TrainSentencesConfig(
    prefix="SentenceFormer_DynamicBatches_NoGlobalAlignment",
    learning_rate=0.00006,
    number_of_epochs=3,
    patience=0,
    model_layer_depth=1,
    model_layer_width_multiplier=1.6,
    num_pseudo_words=10,
    replace_subject=False,
    number_of_neighbors=100,
    model_layer_activation="leaky_relu",
    quanization=None,
    batch_size=12,
    embedding_llm_type="gpt-2",
    embedding_llm_name="gpt2",
    graph_dataset_name="TRExStar",
    pretrain_dataset_name="TriREx",
    train_dataset_name="TRExBite",
    pretrained_model_name="",
    trained_model_name="",
    pretrained_path="",
    trained_path="",
    pretrained_checkpoint_directory="",
    trained_checkpoint_directory="",
    ignore_global_alignment=True,
)

In the __main__ method of the pretrain script, specify the indices of the GPUs you want to use, and the list of training configurations you want to train. Using multiprocessing, GPUs request new configs until all are processed.

All checkpoints and final models are stored locally under models and as artifacts on W&B!

See the resulting training statistics on W&B!

10. Train

If you run the same config again in the train script, it will load the best model from the pretrain step and continues to train it on T-Rex automatically:

python3 10_train.py

All checkpoints and final models are stored locally under models and as artifacts on W&B!

Again, results are reported to W&B!

11. Analyze Pseudowords (Optional)

Run the pseudoword analysis script with the same configs again to get a qualitative feeling for the trained models. This script will prompt the LLM with certain tasks, like "Repeat after me: <concept_vector>" or "Summarize for me: <concept_vector>".

python3 11_analyze_pseudowords.py

The resulting text is logged to W&B, giving you insights into how the LLM processes the concept vectors.

However, as GPT-2 0.1B is very limited in its language capabilities, these experiments yielded no interesting results for me, hence they are not mentioned in the final thesis.

12. Generate WebQSP

This script generates the WebQSPSentences Dataset mentioned in the thesis.
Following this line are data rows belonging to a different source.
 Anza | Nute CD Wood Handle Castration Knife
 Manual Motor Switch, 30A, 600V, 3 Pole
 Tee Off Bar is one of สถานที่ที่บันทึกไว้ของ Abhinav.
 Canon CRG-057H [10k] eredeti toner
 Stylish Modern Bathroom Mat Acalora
Simply run:

python3 12_generate_WebQSP.py

Resulting in a new HF Dataset containing Sentences from WebQSP. Now that you have this dataset, you can revisit Steps 6 and 7 to evaluate the base model performance on WebQSP.

13. Generate WebQSPFinetune

To achieve better performance, we fine-tuned ConceptFormer on WebQSP. The dataset containing the fine-tune training sentences is a completely different one, called "WebQSPFinetuneSentences," and it is generated here.
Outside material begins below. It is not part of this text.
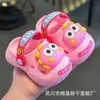Comercio exterior comercio electrónico transfronterizo en línea y fuera de línea caricatura niño pequeño Baotou sandalias Q01 2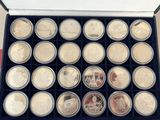 an image of a box of coins that are in a case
python3 13_generate_WebQSPFinetune.py

14. Finetune GPT-2 (Optional)

We also experimented with whether the performance of the GPT-2 base model would increase when fine-tuning the model itself on the question-answer format of the WebQSPSentence dataset. This turned out not to be the case. However, if you want to fine-tune a GPT-2 base model, you can do so by running:

python3 14_finetune_gpt2.py

The results are reported to W&B!

15. Finetune WebQSP

Finally, we fine-tune and evaluate ConceptFormer on WebQSP:

python3 15_finetune_webqsp.py

Results are reported - you guessed it - to W&B!

16. Generate Lookup Table

To employ ConceptFormer in a static setting, we can generate lookup tables for the T-Rex Star dataset as follows:

python3 17_generate_lookup_table.py --gpu_indices 0 1 2 3 --n_processes_per_gpu 4

17. Evaluate Lookup Table

Finally, to get the results reported in the thesis, you must evaluate the lookup table:

python3 18_evaluate_lookup_table.py --gpu_indices 0 1 2 3 --n_processes_per_gpu 4

The output of this script is stored in output/ConceptFormer/ConceptFormer-n, being a separate .npy file for every entity in T-Rex Star. You could modify this script to generate a concept vector for every entity in the entire Wikidata, if you'd like.

The results are reported to W&B. These metrics are also displayed as the final result metrics in the thesis.

Generate Plots

The plots are all generated based on the data logged to W&B! To create them, run the scripts under plots; all plots will be generated as both PNG and PDF files under plots/output.